In the current study, we also identified three novel small deletion mutations, c.809delA and c.858_861delTTAT in exon 4 and c.1180delG in exon 6. In addition to a novel nonsense mutation detected in exon 6 (p.S390*) in the two cousins of family 7. These four mutations are protein-truncating and are predicted to result in nonsense-mediated mRNA decay by MutationTaster. Moreover, a novel homozygous mutation in the donor splice site of exon 5 (c.1037+5G>C) was detected in Patient 2. This splice site mutation is predicted to result in a splicing error leading to exon-skipping. Interestingly, another mutation (c.1037+5G>A) in the same position was reported before in a Saudi patient.7

Renal problem as dysplasia due to calcification or impairment was reported in the literature three times in patients with BLC-PMG.8, 9, 10 In 2011, LeBlanc8 reported a deletion/rearrangement mutation in exon 9 of the OCLN gene in two patients with BLC and renal dysplasia. Authors suggested that the loss of peripheral OCLN in their patients due to the interruption of exon 9 might explain the unusual renal involvement. However, subsequent reports have showed that renal involvement could be considered a consistent feature of BLC-PMG and is not specifically related to particular mutations.9, 10 Interestingly, renal involvement was not a manifestation in any of our 13 patients at the time of examination. Nevertheless, one of our patients (patient 5) had a deceased newborn with renal aplasia and microcephaly at birth. Unfortunately, we could not confirm the possibility of similarity to his sib due to the absent detailed clinical and radiological information or DNA for genetic testing but this might give another evidence that renal anomalies should be considered among the extracranial manifestations of BLC-PMG.

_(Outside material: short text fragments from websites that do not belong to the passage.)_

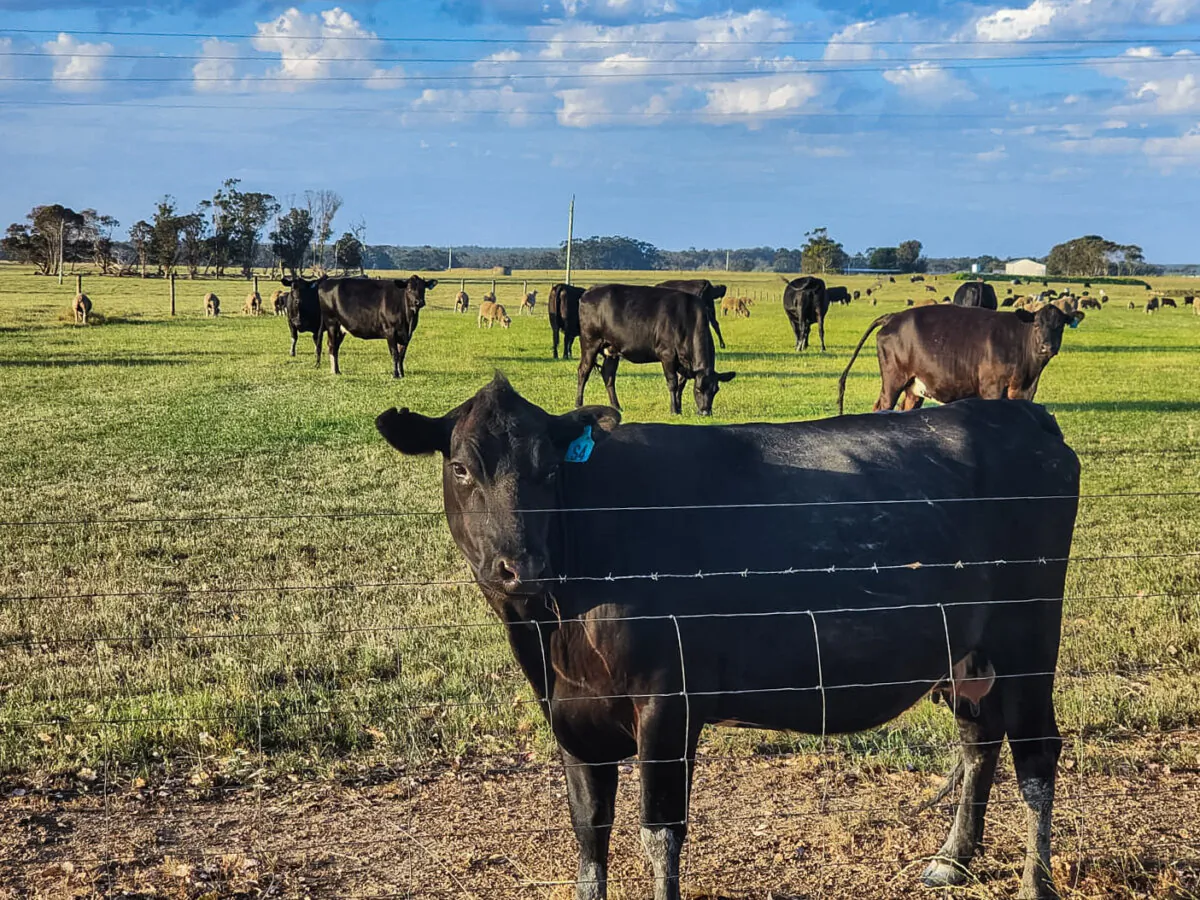 Cows and sheep grazing in a paddock near Albany, Western Australia, on Nov. 24, 2023. (Susan Mortimer/The Epoch Times)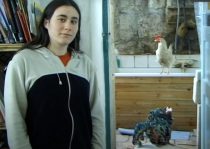 Pulke’s Visit (2004/2020) (video work)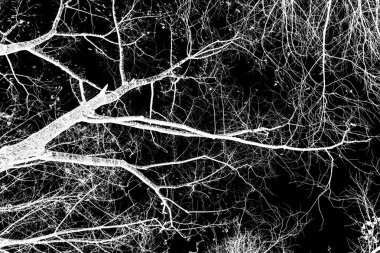 ağaç dalları siluet siyah arka plan üzerine beyaz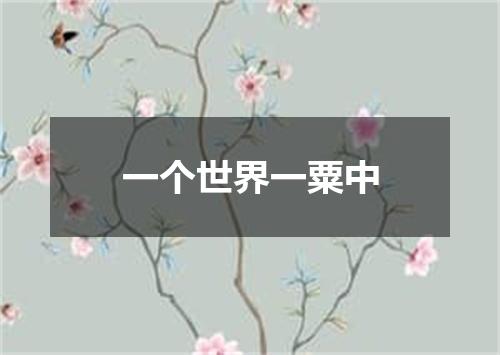 一个世界一粟中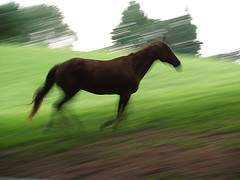 horse-running.jpg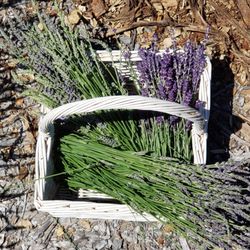 Frog Creek Farm Ojai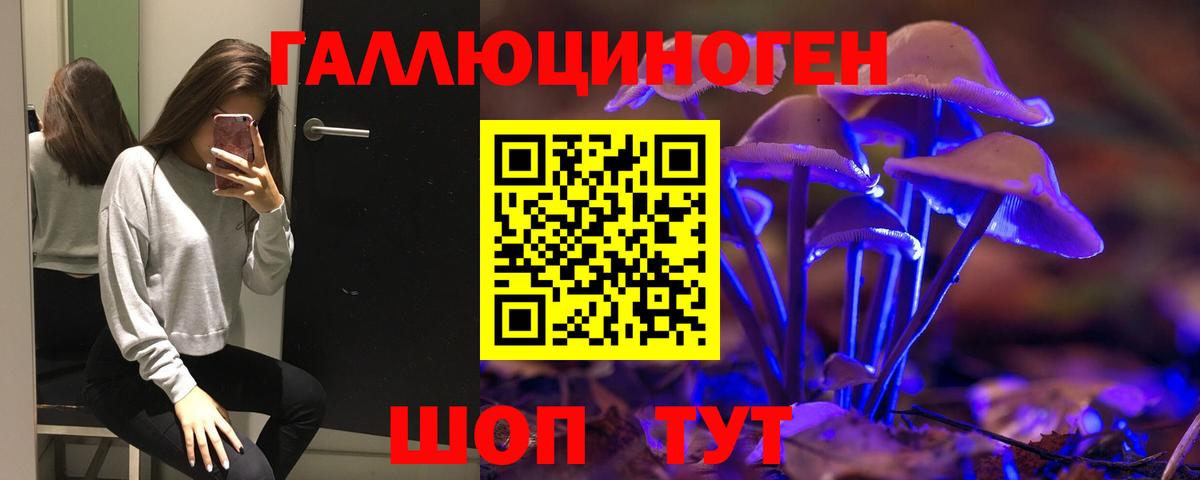 Галлюциногенные грибы Psilocybe Кушва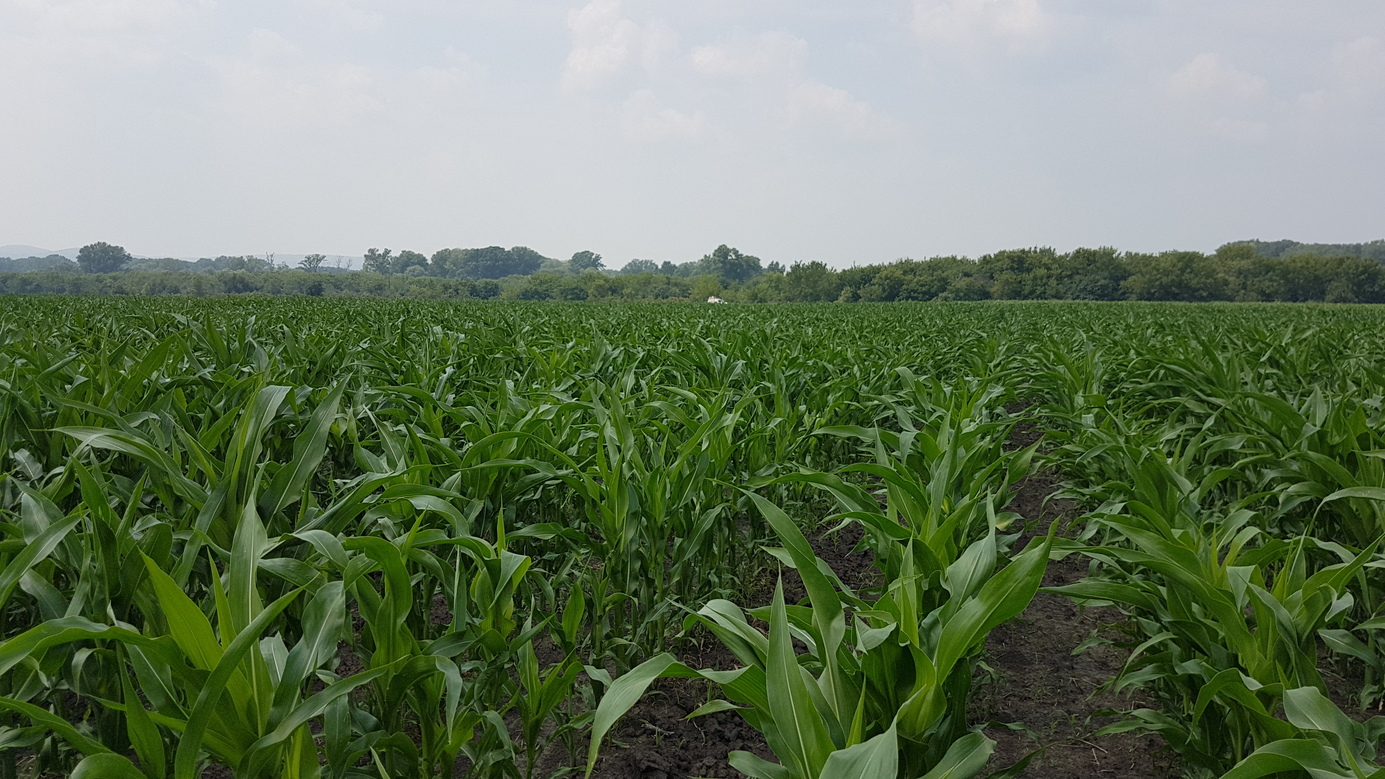 West - maize in front of scrub of Anuy river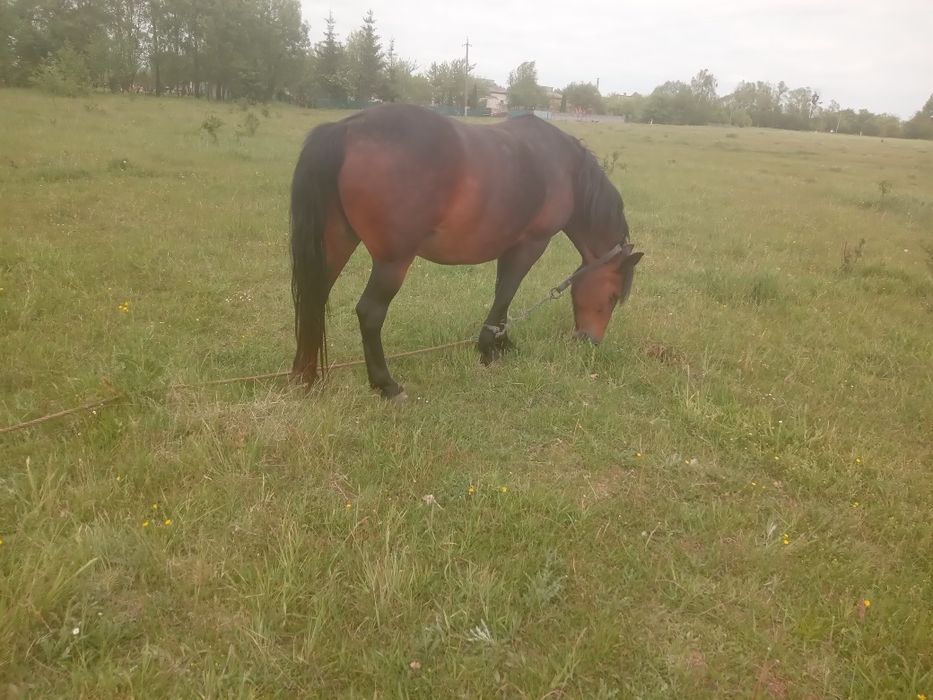 Продам добру кобилу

It is intriguing to find another genetic disorder in families 2 and 4, anencephaly and microcephaly and mental retardation, respectively. We could not explain this frequency of associated other developmental disorders. This could be referred to the increased incidence of genetic diseases among highly consanguineous populations as Egypt.17

In conclusion, our patients were found to exhibit additional features including cerebellar calcifications, imperforate anus and undescended testis. In addition, our data support that pontine calcification could develop with age. Further, we identified five novel mutations, thus raising the number of OCLN mutations identified so far to 13 disease-causing mutations. Thus, our findings expand the OCLN mutational spectrum and the neuroradiological phenotype of BLC-PMG.